* _Data below_:
====================
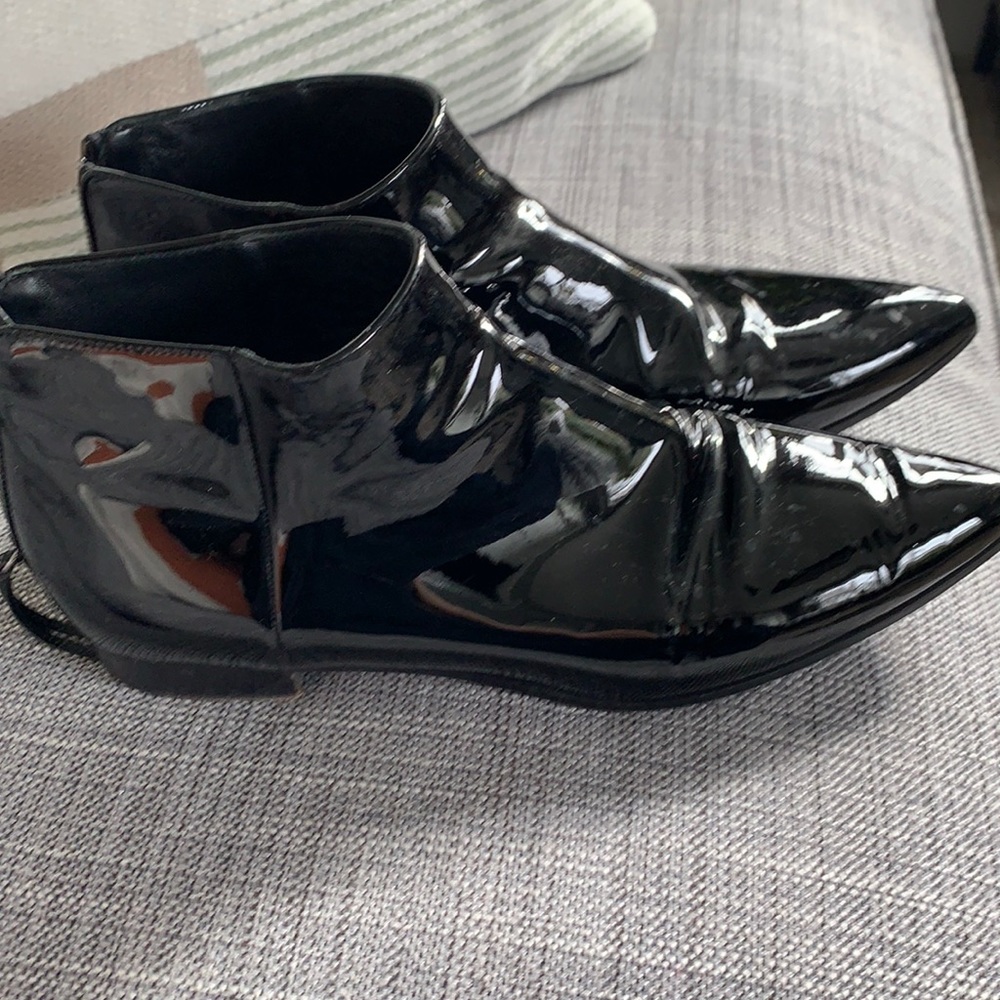 Miu Miu patent leather black bootie. To small for me.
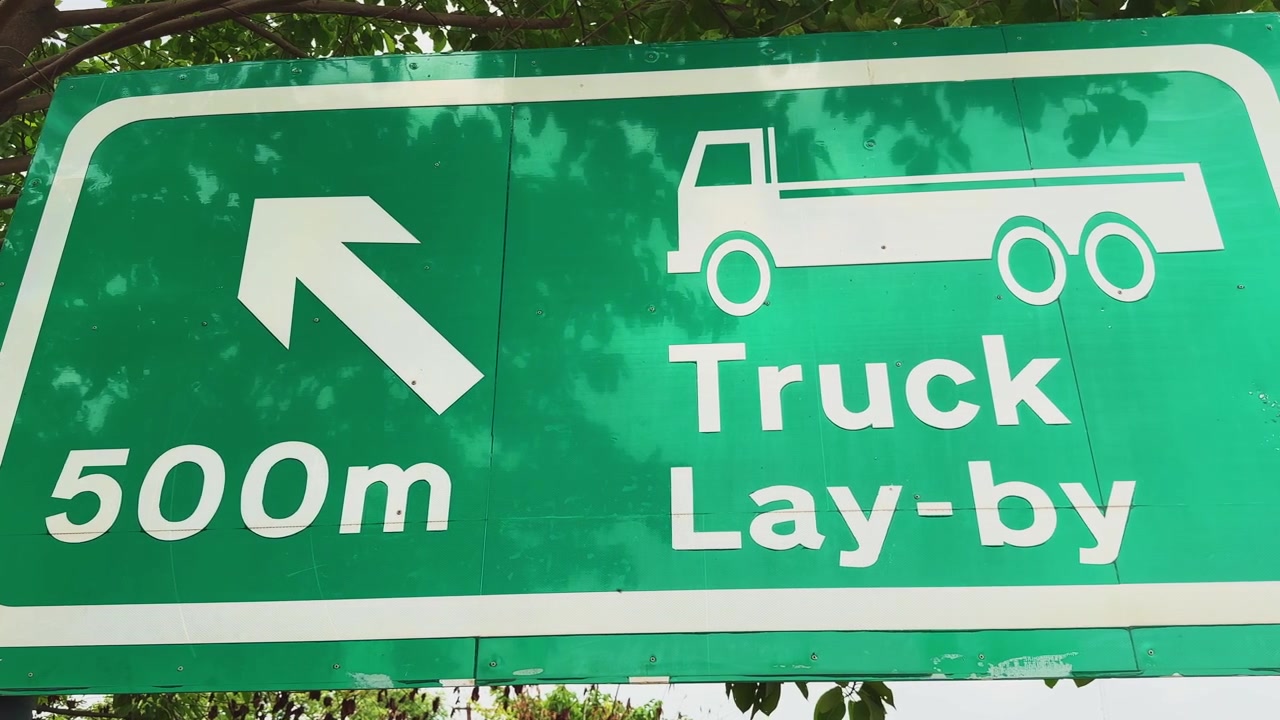 Langsame Kamerafahrt eines Lastwagens an einem Wegweiser, der einen Parkplatz voraus entlang einer Autobahn-Verkehrsachse anzeigt.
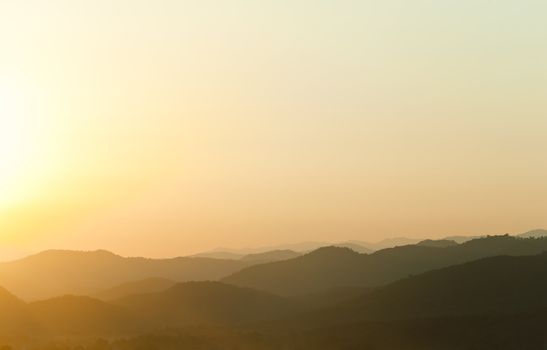 Sunset behind mountains with golden color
====================
* _Exercise goal_:
Take the data above and set it down exactly, images excluded.

* _Your solution_:
 Miu Miu patent leather black bootie. To small for me.
 Langsame Kamerafahrt eines Lastwagens an einem Wegweiser, der einen Parkplatz voraus entlang einer Autobahn-Verkehrsachse anzeigt.
 Sunset behind mountains with golden color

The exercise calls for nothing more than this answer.